1. Is hetgeen dat in de argumentatie als gevolg wordt gepresenteerd daadwerkelijk onwenselijk?

2. Kan de causaliteit tussen datgene wat als oorzaak genoemd wordt en het genoemde onwenselijke gevolg ondermijnd worden?

3. Zijn er andere factoren die, samen met datgene wat als oorzaak wordt voorgesteld, aanwezig moeten zijn om het genoemde onwenselijke gevolg te doen optreden?

Figuur 3.4 Toegespitste kritische vragen voor de beoordeling van pragmatische argumentatie binnen het actietype verkiezingsdebat

Alvorens de drie kritische vragen te beantwoorden, moet eerst de preliminaire, nulde kritische vraag beantwoord worden. Deze vraag is of er sprake is van een oorzaak- gevolg-keten. Als die vraag negatief beantwoord wordt, hoeven de drie andere kritische vragen niet nader bekeken te worden, omdat er in dat geval hoe dan ook geen sprake zal zijn van de drogreden van het hellend vlak. Bij de drogreden van het hellend vlak moet immers altijd sprake zijn van een keten.

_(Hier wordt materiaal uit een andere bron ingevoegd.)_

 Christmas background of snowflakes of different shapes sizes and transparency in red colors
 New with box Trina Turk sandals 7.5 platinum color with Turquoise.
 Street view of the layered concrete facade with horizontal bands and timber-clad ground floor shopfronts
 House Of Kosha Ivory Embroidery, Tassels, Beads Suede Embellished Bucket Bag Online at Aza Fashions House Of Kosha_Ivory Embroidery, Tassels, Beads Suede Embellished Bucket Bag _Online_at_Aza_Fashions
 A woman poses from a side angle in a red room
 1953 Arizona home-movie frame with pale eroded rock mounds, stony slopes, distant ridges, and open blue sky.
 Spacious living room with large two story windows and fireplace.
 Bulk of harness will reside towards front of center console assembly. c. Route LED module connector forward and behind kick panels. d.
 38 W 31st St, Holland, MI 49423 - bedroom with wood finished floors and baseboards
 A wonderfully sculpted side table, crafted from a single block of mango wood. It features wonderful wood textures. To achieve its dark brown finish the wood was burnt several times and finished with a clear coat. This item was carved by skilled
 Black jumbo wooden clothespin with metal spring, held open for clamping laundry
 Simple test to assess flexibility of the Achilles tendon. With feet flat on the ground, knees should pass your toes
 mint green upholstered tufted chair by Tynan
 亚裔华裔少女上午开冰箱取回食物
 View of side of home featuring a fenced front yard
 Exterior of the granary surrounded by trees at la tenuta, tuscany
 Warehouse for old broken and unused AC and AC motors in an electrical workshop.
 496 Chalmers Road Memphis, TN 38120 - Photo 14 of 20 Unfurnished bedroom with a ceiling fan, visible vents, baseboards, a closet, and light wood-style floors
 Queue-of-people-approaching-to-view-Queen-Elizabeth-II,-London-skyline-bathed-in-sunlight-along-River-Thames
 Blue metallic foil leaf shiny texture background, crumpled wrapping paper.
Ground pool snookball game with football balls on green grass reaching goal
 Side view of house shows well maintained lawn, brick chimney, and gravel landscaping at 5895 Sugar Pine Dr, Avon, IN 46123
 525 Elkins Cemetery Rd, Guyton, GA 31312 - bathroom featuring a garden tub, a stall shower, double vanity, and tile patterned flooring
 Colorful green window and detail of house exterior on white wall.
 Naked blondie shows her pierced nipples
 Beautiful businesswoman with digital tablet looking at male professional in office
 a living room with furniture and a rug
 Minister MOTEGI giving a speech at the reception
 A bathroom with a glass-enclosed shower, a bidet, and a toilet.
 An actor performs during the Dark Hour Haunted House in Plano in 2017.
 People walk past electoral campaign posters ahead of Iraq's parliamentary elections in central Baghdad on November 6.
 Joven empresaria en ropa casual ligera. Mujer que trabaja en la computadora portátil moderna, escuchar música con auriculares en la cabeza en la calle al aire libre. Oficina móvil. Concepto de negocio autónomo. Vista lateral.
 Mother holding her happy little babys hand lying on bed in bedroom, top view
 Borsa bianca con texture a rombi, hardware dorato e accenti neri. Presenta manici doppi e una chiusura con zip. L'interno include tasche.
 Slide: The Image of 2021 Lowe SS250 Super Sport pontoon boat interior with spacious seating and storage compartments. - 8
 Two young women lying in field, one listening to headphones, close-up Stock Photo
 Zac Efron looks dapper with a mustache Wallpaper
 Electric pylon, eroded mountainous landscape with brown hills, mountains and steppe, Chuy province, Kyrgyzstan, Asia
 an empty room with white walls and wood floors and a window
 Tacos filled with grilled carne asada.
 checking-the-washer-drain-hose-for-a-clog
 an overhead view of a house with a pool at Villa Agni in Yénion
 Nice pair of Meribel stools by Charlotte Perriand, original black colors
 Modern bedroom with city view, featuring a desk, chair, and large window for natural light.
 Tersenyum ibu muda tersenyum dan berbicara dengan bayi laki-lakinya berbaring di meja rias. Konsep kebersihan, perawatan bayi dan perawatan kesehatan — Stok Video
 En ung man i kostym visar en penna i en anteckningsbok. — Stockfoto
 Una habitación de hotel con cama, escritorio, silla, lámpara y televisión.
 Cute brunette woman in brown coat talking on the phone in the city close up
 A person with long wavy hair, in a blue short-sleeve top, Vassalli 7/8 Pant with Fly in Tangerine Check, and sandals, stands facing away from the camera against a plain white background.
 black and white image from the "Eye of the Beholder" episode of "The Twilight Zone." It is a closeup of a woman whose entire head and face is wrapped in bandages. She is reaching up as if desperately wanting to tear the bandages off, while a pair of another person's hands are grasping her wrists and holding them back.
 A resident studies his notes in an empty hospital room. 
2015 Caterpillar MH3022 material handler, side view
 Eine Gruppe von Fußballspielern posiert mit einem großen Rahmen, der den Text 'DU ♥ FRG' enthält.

Als de antwoorden op de overige drie kritische vragen onbevredigend zijn, dan houdt dat in dat het argument een drogreden van het hellend vlak is. Ook als slechts één antwoord onbevredigend is, zal dat resulteren in een beoordeling van onredelijkheid. Vaak gaat het onbevredigend beantwoorden van één kritische vraag echter gepaard met het onbevredigend beantwoorden van een andere kritische vraag (zie de analyses in paragraaf 4.2). Indien een argument veel weerstand opwekt bij medediscussianten, dan kan dat een aanleiding zijn om te denken dat de grenzen van de redelijkheid worden overschreden. Bij de analyses, die in paragraaf 4.2 te lezen zijn, is dan ook goed gekeken naar de reacties die argumentatie bij medediscussianten opriep.